Jury deliberating in case of woman accused of staging suicide
Egita Jaunmaize charged over effort to cover up boyfriend’s alleged murder of housemate
Egita Jaunmaize told gardaí she was in fear for her life and acting on her boyfriend’s orders, having just seen him strangle Antra Ozolina.
A jury has started deliberating in the trial of a woman charged with staging the suicide of a woman her boyfriend had strangled in order to impede his prosecution.
Egita Jaunmaize (34) is charged with impeding the apprehension or prosecution of her boyfriend, knowing or believing him to have murdered her housemate Antra Ozolina (49) or to have committed some other arrestable offence.

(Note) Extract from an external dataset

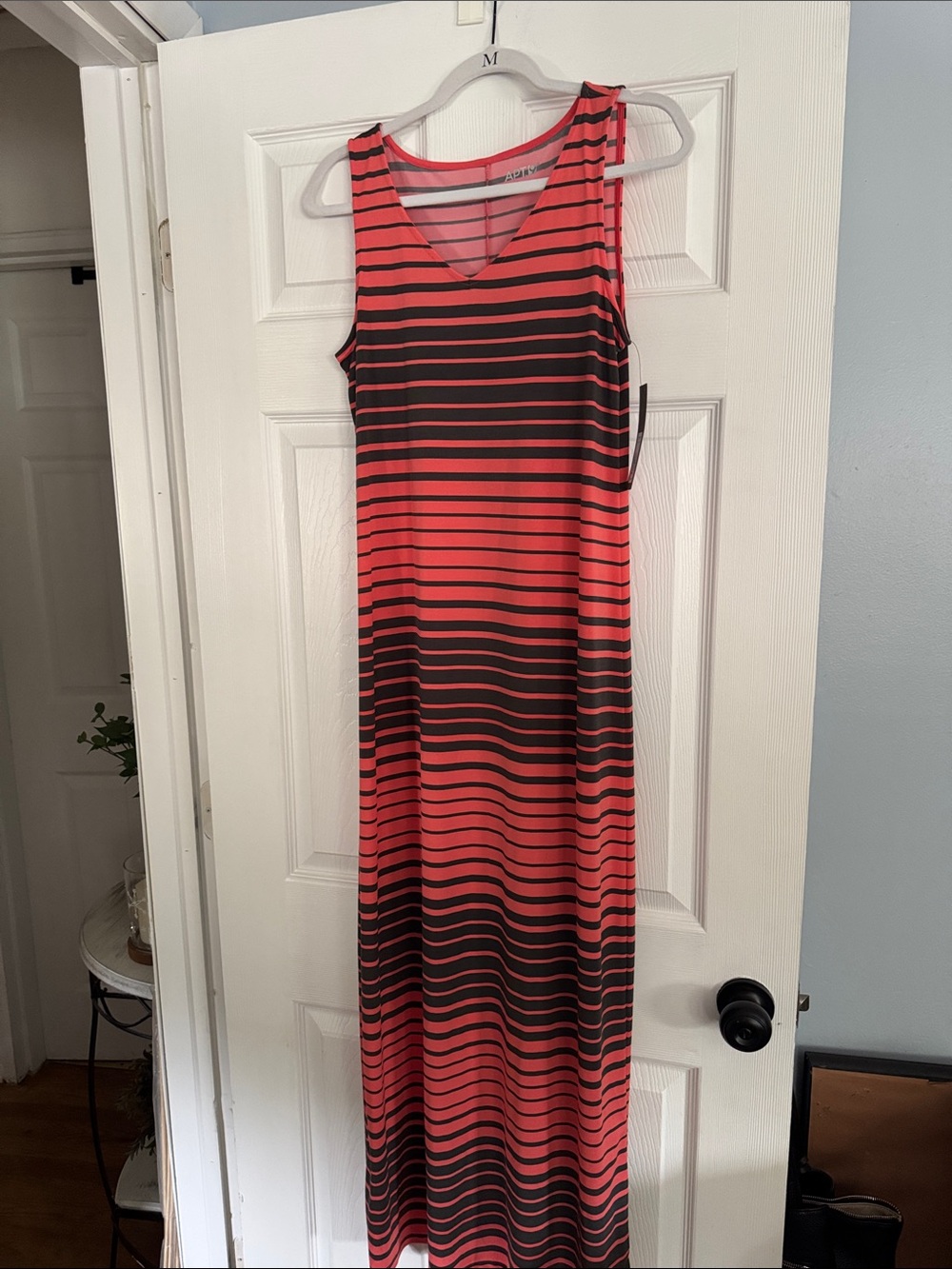 Apt. 9 Coral and Black Striped V‑Neck Maxi Dress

Ms Jaunmaize, a mushroom picker originally from Latvia, admits placing a blue cord around Ms Ozolina’s neck so as to simulate her suicide to make it more difficult to establish her death was suspicious.
She has pleaded not guilty at the Central Criminal Court to carrying out the offence, without reasonable excuse, at their home at The Old Post, Main Street, Kilnaleck, Co Cavan, on or about June 27th, 2014.
She told gardaíthat she was in fear for her life and acting on her boyfriend’s orders at the time, having just seen him strangle Ms Ozolina.
The trial has heard that he has not been charged. The neo-Nazi is currently being spoon-fed as a result of a traumatic brain injury sustained months later while fleeing after a car he had hijacked crashed.
The prosecution reminded the jury that the reason the accused gave gardaí for having lied initially was a fear of her boyfriend being sent back to Latvia, where he was wanted by the authorities.
Counsel pointed to the fact that she had continued a relationship with him afterwards, turning down a Garda offer of St Vincent de Paul accommodation.
Patrick Gageby SC, prosecuting, also pointed to what she told gardaí after his crash, when she was still living with him. “I know now I can’t help him, I can’t change him. I’m tired trying to help him.”
Giollaíosa Ó Lideadha SC, defending, asked the jurors to consider both duress and reasonable excuse as defences for his client.
“Look at the situation she was in and decide if there was a reasonable possibility she was in fear of death at the time,” he suggested.
The jury will resume their deliberations on Thursday.